As shown above, the library may be used together with pandas, and contains four high level functions (match_strings, match_most_similar, group_similar_strings, and compute_pairwise_similarities) that can be used directly, and one class (StringGrouper) that allows for a more interactive approach.

The permitted calling patterns of the four functions, and their return types, are:

Function Parameters pandas Return Type
match_strings (master, **kwargs) DataFrame
match_strings (master, duplicates, **kwargs) DataFrame
match_strings (master, master_id=id_series, **kwargs) DataFrame
match_strings (master, duplicates, master_id, duplicates_id, **kwargs) DataFrame

With polars

For the moment polars is not yet supported natively.
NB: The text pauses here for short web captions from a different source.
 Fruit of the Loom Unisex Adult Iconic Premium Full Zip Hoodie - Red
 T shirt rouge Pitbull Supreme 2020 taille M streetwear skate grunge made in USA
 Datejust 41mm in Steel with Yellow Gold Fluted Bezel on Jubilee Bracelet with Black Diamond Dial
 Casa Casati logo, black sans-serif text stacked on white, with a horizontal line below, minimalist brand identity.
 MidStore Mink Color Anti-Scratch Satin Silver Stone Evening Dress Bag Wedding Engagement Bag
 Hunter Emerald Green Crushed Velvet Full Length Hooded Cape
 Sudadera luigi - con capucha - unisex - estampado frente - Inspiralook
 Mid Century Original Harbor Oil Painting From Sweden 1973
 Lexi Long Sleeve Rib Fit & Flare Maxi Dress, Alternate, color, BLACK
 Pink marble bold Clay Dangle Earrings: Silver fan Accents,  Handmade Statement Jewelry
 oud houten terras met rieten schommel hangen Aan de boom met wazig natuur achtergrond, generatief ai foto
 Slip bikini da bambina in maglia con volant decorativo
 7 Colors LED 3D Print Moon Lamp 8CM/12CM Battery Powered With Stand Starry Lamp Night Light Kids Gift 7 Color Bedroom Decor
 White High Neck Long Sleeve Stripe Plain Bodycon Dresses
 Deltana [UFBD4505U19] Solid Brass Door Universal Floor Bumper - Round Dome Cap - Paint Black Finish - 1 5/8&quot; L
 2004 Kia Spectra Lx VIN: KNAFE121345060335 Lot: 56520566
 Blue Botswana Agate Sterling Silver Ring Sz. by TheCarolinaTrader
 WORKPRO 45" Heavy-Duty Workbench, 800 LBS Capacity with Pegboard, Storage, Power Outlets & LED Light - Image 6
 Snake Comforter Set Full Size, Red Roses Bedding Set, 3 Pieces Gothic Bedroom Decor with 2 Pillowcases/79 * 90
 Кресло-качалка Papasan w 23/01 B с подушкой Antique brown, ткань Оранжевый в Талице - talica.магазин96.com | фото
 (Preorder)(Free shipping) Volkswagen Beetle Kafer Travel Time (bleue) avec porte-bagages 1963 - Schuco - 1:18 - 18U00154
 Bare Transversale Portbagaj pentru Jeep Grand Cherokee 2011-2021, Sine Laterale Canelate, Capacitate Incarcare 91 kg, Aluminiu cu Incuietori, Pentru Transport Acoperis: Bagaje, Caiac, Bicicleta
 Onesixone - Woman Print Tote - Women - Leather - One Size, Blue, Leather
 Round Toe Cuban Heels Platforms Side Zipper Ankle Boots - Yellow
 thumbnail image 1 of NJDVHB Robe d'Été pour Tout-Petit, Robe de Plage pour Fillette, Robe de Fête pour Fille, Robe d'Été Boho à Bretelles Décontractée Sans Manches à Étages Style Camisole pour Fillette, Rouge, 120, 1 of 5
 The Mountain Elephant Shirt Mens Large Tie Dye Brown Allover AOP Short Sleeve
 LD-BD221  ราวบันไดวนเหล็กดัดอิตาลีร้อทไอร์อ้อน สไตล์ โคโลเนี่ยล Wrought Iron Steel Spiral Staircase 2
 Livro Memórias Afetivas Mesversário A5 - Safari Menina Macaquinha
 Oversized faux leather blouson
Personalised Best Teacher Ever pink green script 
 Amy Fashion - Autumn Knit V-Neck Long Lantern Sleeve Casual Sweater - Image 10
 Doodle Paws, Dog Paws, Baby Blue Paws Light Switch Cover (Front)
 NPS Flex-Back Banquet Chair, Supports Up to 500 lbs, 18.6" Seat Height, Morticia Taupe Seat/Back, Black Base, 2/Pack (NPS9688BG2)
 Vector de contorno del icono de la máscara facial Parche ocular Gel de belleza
But you can juggle easily one with the other:

import polars as pl
from string_grouper import match_strings

company_names = 'https://raw.githubusercontent.com/ngshya/pfsm/refs/heads/master/data/sec_edgar_company_info.csv'
# We only look at the first 50k as an example:
companies = pl.read_csv(company_names).slice(0,50000).to_pandas()
# Create all matches:
matches = pl.from_pandas(match_strings(companies['Company Name']))
# Look at only the non-exact matches:
matches.filter(pl.col('left_Company Name') != pl.col('right_Company Name')).head()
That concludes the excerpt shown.